Southern’s Sights Set on MFC Gold
(MFC Press Release|Ed Kapp)
Kurt Southern feels he’s the top lightweight under the Maximum Fighting Championship banner. As such, as the confident fighter is sure to point out, he feels the organization’s 155-pound title belt is his for the taking.
Southern has felt this way since he signed with the organization earlier this year. The thought of bringing the organization’s lightweight belt back home to the City of Bridges, the 30-year-old Saskatoon product noted, has naturally come up quite a bit over the past several months.
“It would mean a lot,” Southern said when asked what the MFC’s lightweight belt would mean to him.
“When I first signed with the MFC, I went out there and said that I was going to be the champ — that’s my goal. I want to be the MFC champ and that goal is right there. To reach it is going to be more than a milestone.
“You’ll always go down as being the MFC lightweight champ,” he continued. “No matter what happens in your career, that’s something that you’ll always have.”
But if all goes according to the former University of Saskatchewan wrestler’s plans, he’ll walk away from MMA with more than an MFC title to his credit.
“I would like to be remembered as a guy who went out there and put his heart and soul into this sport,” said Southern, a winner in two of three MFC bouts.
“And maybe as somebody who achieved more than people expected. I think it would be an underdog story. A shorter, smaller guy from a city where there is no MMA makes his way to the top. I’m getting older, getting up there, but still making a name for myself.”
Like every fighter — especially those on the wrong side of 30 — Southern faces an uphill battle in MMA. But he’s no stranger to adversity.

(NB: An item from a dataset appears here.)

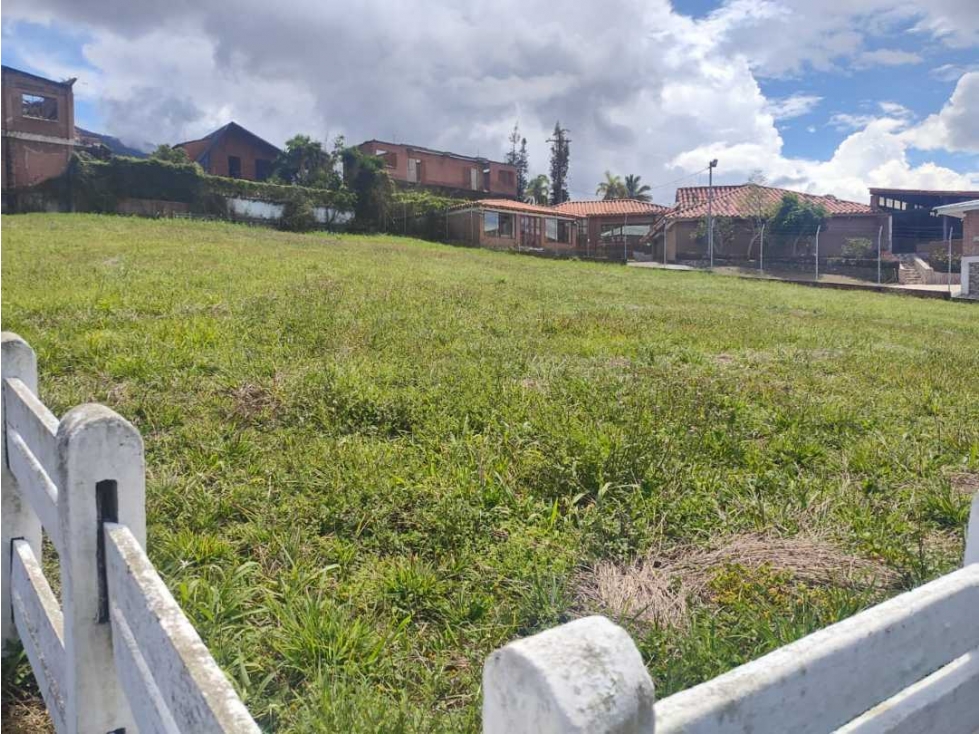 VENTA LOTE LAGO CALIMA EN CONDOMINIO - 6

When Southern was six months old, his parents parted ways — “I can’t remember them ever being together as a family,” he offered in retrospect. He lived in a single-parent household with his mother in “almost a low-income housing project” until she was diagnosed with schizophrenia and, at age eight, it was deemed unhealthy for him to stay under her watch.
“It was kind of a rough transition, moving from my mom’s, which is what I was used to, which was my home, to being taken away to live with my dad,” Southern recounted. “He was good and everything, but it was a change and, as a kid, it was sort of tough to deal with.”
Unfortunately for Southern, the worst was yet to come.
When Southern was 12-years-old, his older brother died in a car accident. Within less than a week, Southern’s mother took her own life.
“It was a real tragic time,” Southern said, adding, “I wouldn’t say I had rough childhood, but there was a lot of adversity that I had to go through as a kid.”
Through everything Southern experienced in his younger years, his time on the mat played a big role in keeping him on the right path.
“I had a lot of friends who ended up, you know, going to jail and doing bad things,” Southern said.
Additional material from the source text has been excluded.